On the return day the justice at Special Term appointed a receiver ad interim and adjourned the motion. After hearing argument on the adjourned day, the court restrained both plaintiff and defendants and appointed a receiver pendente lite to conduct the business.

The order entered after the argument of the motion is as follows:

“ Ordered, that Aaron Solomon, the receiver ad interim herein, be and he is hereby appointed receiver pendente lite, with the usual powers and duties of a receiver of the assets and effects of the joint venture conducted by the parties hereto, and with the same powers and duties as enumerated in the said order of appointment made and entered herein on the 13th day of March, 1924, and it is further
“ Ordered, that leave is given to either party or the said receiver may from time to time apply to the court for an order increasing the amount of the bond filed by the said receiver and further directions at the foot of this order; and it is further
“ Ordered, that both plaintiff and defendant Bores Thomashefsky are hereby restrained and enjoined from collecting or receiving any moneys belonging to the said joint venture or from interfering or intermeddling in any form or manner whatsoever in the operation and management of the same, and it is further
Ordered, that these injunction orders are granted on the condition that both plaintiff and defendant Bores Thomashefsky, each execute and file at the time of entering this order an undertaking in the sum of $5,000 with one or more sureties to the effect that each will pay to the other such damages not exceeding the sum of $5,000 as they may sustain by reason of the injunction, if the court finally decides that the other party was not entitled thereto.”

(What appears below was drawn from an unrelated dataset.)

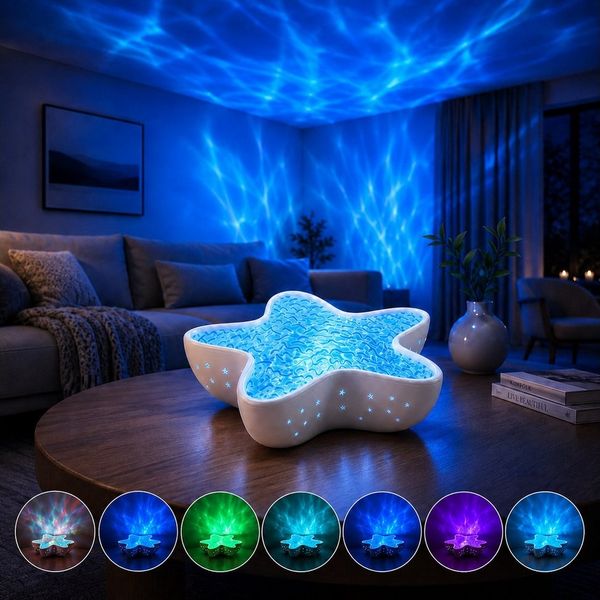 ANYSUN LED-Sternenhimmel Projektor Seestern Sternenprojektor Lampe mit 7 Lichtmodi, stufenlos dimmbar, 1200 mAh Akku, LED fest integriert, USB-C wiederaufladbar Nachtlicht für Kinder Erwachsene, Schlafzimmer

By the terms of the agreement' the plaintiff was entitled to the relief he sought. No dissolution of the joint adventure was demanded by plaintiff and, therefore, there was no ground for the appointment of a receiver. Defendants were not entitled to the relief demanded by the cross-motion, nor did the counterclaim justify the appointment of a receiver.

In Greenwald v. Gotham-Attucks Music Co. (118 App. Div. 29, 30) the court said: “ The action is not brought for a dissolution of the partnership or for the sale of its property. There is no authority which justifies the appointment of a receiver of partnership property unless the partnership has been terminated or there has been a breach of the partnership agreement or other cause which justifies a dissolution. * * * Here, a dissolution and sale is not asked and, so far as appears, is not desired.”

In Shubert v. Laughlin (122 App. Div. 701) this court reversed an order appointing a receiver, and said: “There are several reasons why the order must be reversed. In the first place, the action is not brought for a dissolution of the partnership, and no relief of that nature is prayed for. The plaintiff’s apparent purpose is to continue the partnership, but to oust defendant from the management secured to him by the copartnership agreement and to assume such management himself. For this reason, if for no other, the order was improperly made.”

The appointment of a receiver herein being unauthorized, the orders should be reversed.

The orders should be reversed, with ten dollars costs and disbursements, and the motions denied, with ten dollars costs, and the appeal from the order denying motion for resettlement dismissed.

Clarke, P. J., Dowling, Smith and Martin, JJ., concur.

Order reversed, with ten dollars costs and disbursements, and motion denied, with ten dollars costs. Order .of March 13, 1924, reversed, with ten dollars costs and disbursements, and motion denied, with ten dollars costs; appeal from order of March 28, 1924, dismissed.